Objective Oral contraceptive pills (OCPs) are one of the most popular family planning methods in Sri Lanka. As part of two hospital-based studies on self-harm, the use of OCPs was identified, from yet unpublished results, as a means of intentional self-poisoning. To inform future guidelines for better OCP promotion, this article aims to describe the extent, patient characteristics and outcomes of OCP self-poisoning in the North Central Province of Sri Lanka.
Methods A secondary analysis was carried out on two hospital-based self-harm case series, from January 2011 to June 2014.
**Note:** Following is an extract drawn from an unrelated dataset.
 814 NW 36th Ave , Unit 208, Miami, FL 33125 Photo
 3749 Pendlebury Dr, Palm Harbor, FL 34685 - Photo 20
Results Fifty-four patients (52 women and two men) with an overdose of OCP as a means of intentional self-poisoning were admitted to one of the surveyed hospitals. The median age of the patients was 19 (interquartile range, 5) years. None of the patients were severely sick from their overdose and two-thirds of the patients were discharged within a day of admission. Intentional self-poisoning with OCPs represented less than 5% of all types of intentional medicine self-poisonings recorded at the hospitals. Information available for a subset of female patients indicates that many cases (13/23, 56.5%) were in their first year of marriage.
Conclusions More research is required to understand why young women in rural Sri Lanka overdose with OCPs as a means of intentional self-poisoning. Although the toxicity of OCPs is low and the public health significance of OCP poisoning remains minor, reproductive health service providers should be attentive to OCP overdose, monitor the development of this problem, and ensure appropriate information to OCP users.
- family planning service provision
- oral contraceptives
- Sri Lanka
Statistics from Altmetric.com
If you wish to reuse any or all of this article please use the link below which will take you to the Copyright Clearance Center’s RightsLink service. You will be able to get a quick price and instant permission to reuse the content in many different ways.
Key message points
This is the first published article describing the deliberate ingestion of oral contraceptive pills (OCPs) as a means of self-poisoning.
Most of the patients who took OCPs for intentional self-poisoning were young women aged between 15 and 20 years within their first year of marriage.
In rural Sri Lanka, intentional self-poisoning is among the top ten causes of hospital deaths1 and is a major public health problem with an estimated annual 315–447 per 100 000 cases of intentional self-poisoning.2 ,3 Agricultural pesticides are the most commonly used agent for intentional self-poisoning. However, cases of intentional medicinal drug self-poisoning have dramatically increased in recent years.4 Intentional self-poisoning with newer agents is a continually evolving problem and introduces new challenges, particularly if there is a lack of prior human data on clinical features, biochemical abnormalities and case fatality or if existing data are not effectively communicated to clinicians or regulators.5
Since the introduction of oral contraceptive pills (OCPs) in Sri Lanka in the early 1960s as part of the Family Planning Program, their quality has gradually improved in terms of contraceptive efficacy and reduced side effects, hence availability, access and use has increased.6 As a safe and effective family planning method, public health midwives in Sri Lanka are trained in prescribing and distributing OCPs free of charge on the basis of medical history.7 In addition, OCPs are available in government and estate family planning clinics, family planning clinics conducted by non-governmental organisations, private medical centres and franchised pharmacies.7 The promotion of OCPs has made them easily available in households, over the counter at pharmacies, and they are one of the most popular contraceptive methods.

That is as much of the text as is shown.